What is being asked » Pictures aside, quote the whole listing exactly.

Data for the task »

--- --- ---

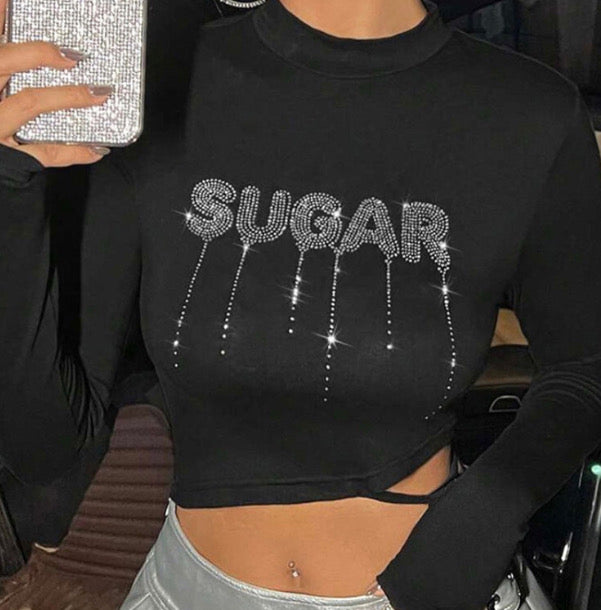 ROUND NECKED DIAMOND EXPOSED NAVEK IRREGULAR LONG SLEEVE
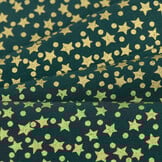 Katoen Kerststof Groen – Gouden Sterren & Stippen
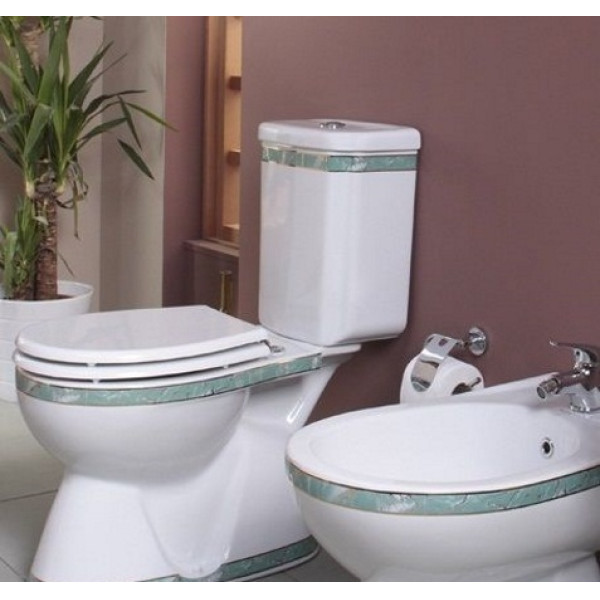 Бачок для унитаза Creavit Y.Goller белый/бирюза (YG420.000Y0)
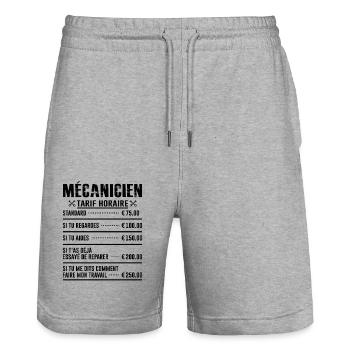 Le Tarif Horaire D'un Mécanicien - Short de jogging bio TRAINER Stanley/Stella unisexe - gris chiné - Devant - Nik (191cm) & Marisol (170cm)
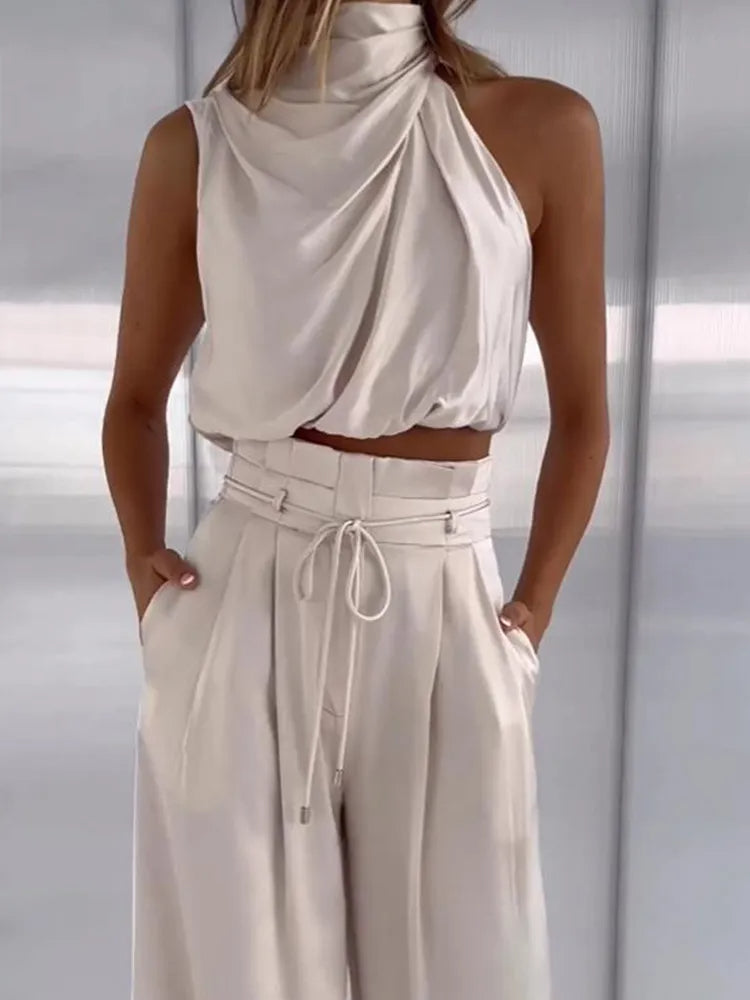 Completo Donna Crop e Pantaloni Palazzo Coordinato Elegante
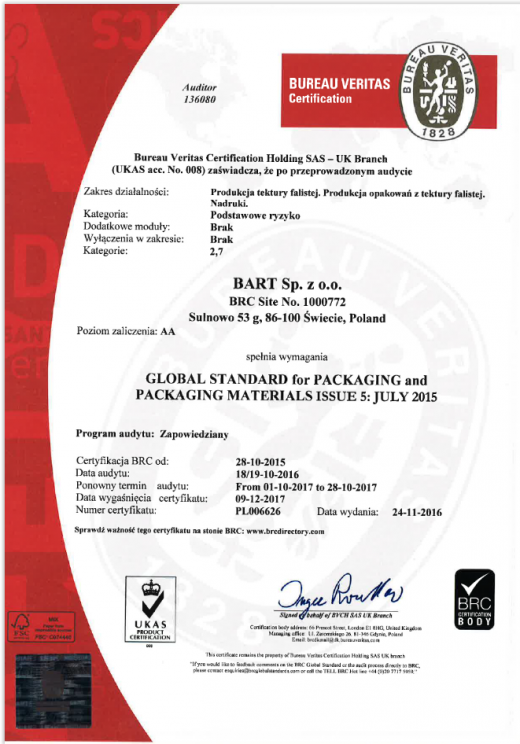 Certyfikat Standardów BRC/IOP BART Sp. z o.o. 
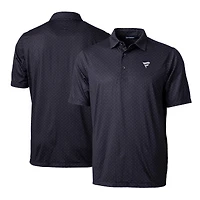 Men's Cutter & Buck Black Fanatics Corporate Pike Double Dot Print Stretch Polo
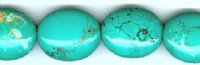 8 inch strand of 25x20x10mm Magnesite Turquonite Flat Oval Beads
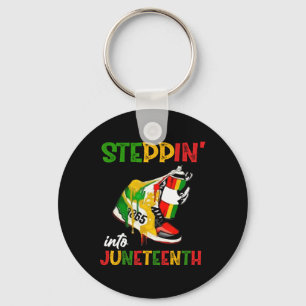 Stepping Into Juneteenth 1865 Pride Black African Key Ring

--- --- ---

Result of the task »
 ROUND NECKED DIAMOND EXPOSED NAVEK IRREGULAR LONG SLEEVE
 Katoen Kerststof Groen – Gouden Sterren & Stippen
 Бачок для унитаза Creavit Y.Goller белый/бирюза (YG420.000Y0)
 Le Tarif Horaire D'un Mécanicien - Short de jogging bio TRAINER Stanley/Stella unisexe - gris chiné - Devant - Nik (191cm) & Marisol (170cm)
 Completo Donna Crop e Pantaloni Palazzo Coordinato Elegante
 Certyfikat Standardów BRC/IOP BART Sp. z o.o. 
 Men's Cutter & Buck Black Fanatics Corporate Pike Double Dot Print Stretch Polo
 8 inch strand of 25x20x10mm Magnesite Turquonite Flat Oval Beads
 Stepping Into Juneteenth 1865 Pride Black African Key Ring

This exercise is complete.